The United States Environmental Protection Agency (EPA) defines nanoscale as being from 1–100 nanometers (nm) in size, and it is generally recognized that particles smaller than 30 nm pass through the skin and into the bloodstream.
In June 2007, the Scientific Committee on Consumer Products (SCCP) of the European Union (EU) issued its Preliminary Opinion of Safety of Nanomaterials in Cosmetic Products, in which a nanoparticle was defined as having one or more dimensions at 100 nm or less. They also were divided into two groups: labile nanoparticles that disintegrate upon application to the skin, such as liposomes, microemulsions or nanoemulsions; and insoluble particles, such as fullerenes, zinc oxide and titanium dioxide. The SCCP concluded that for the labile group, conventional risk assessment methodologies may be adequate. However, for the insoluble group, the uptake must be considered due to their ability to penetrate the skin and enter the bloodstream because of their size. The group, therefore, is reviewing the complete safety of nanosized particles of inorganic sunscreens.

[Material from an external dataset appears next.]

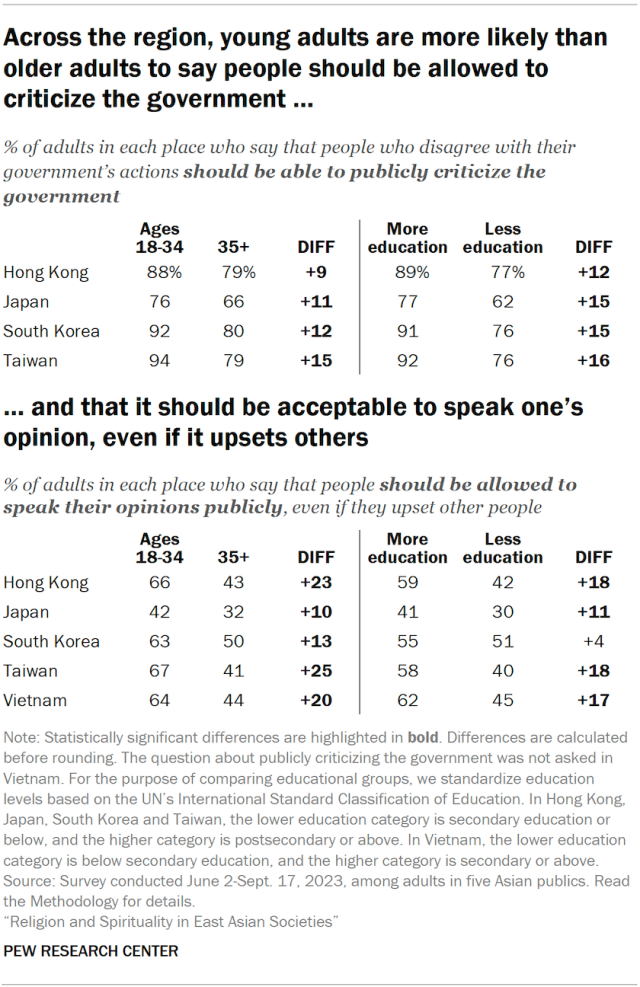 Across the region, young adults are more likely than older adults to say people should be allowed to criticize the government …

Reviewing the safety of materials based on particle size was dismissed by the FDA when the industry was dealing with microsized particles; however, if the industry is in fact using nanosized materials, the SCCP is correct in reviewing their safety.
However, Steinberg asks, are nanosized materials actually used or present in finished personal care formulations? He explained that microsize inorganic particles agglomerate readily as would nanosize materials. Once formulated, how stable would the small sizes actually be? Would they become much larger and thus have no safety issue?